### PROBLEM DETAILS
What is needed is the exact text of each line in the listing below from the one with "2 Daniel Drive, Franklin, NJ 08823" up to and including the one with "Бартер/заменям iPhone 15", and no pictures.

### RAW DATA
>>>
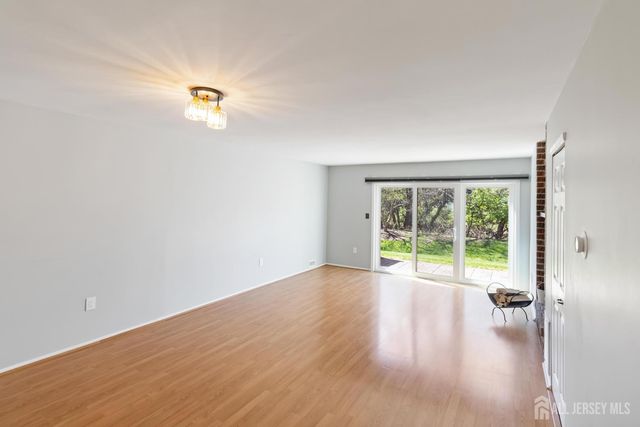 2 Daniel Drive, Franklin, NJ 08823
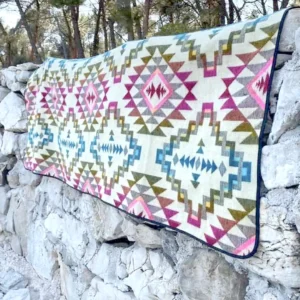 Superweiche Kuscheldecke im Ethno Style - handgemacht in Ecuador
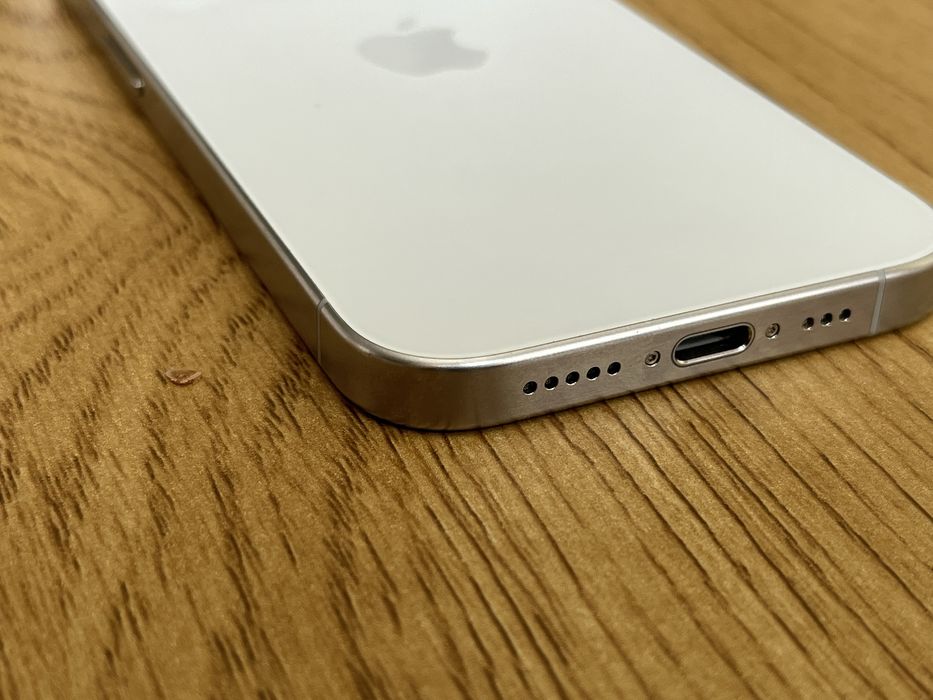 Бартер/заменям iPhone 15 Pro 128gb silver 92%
<<<
>>>
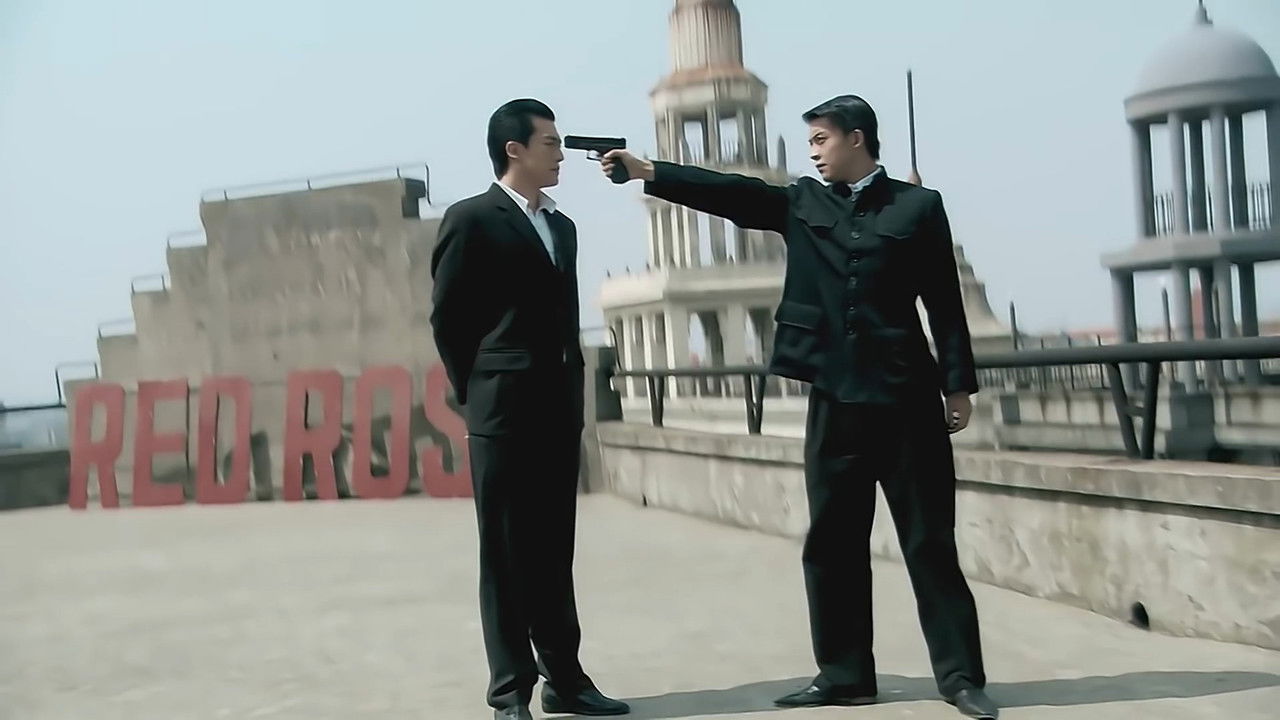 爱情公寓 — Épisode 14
<<<
### FINISHED TASK
 2 Daniel Drive, Franklin, NJ 08823
 Superweiche Kuscheldecke im Ethno Style - handgemacht in Ecuador
 Бартер/заменям iPhone 15 Pro 128gb silver 92%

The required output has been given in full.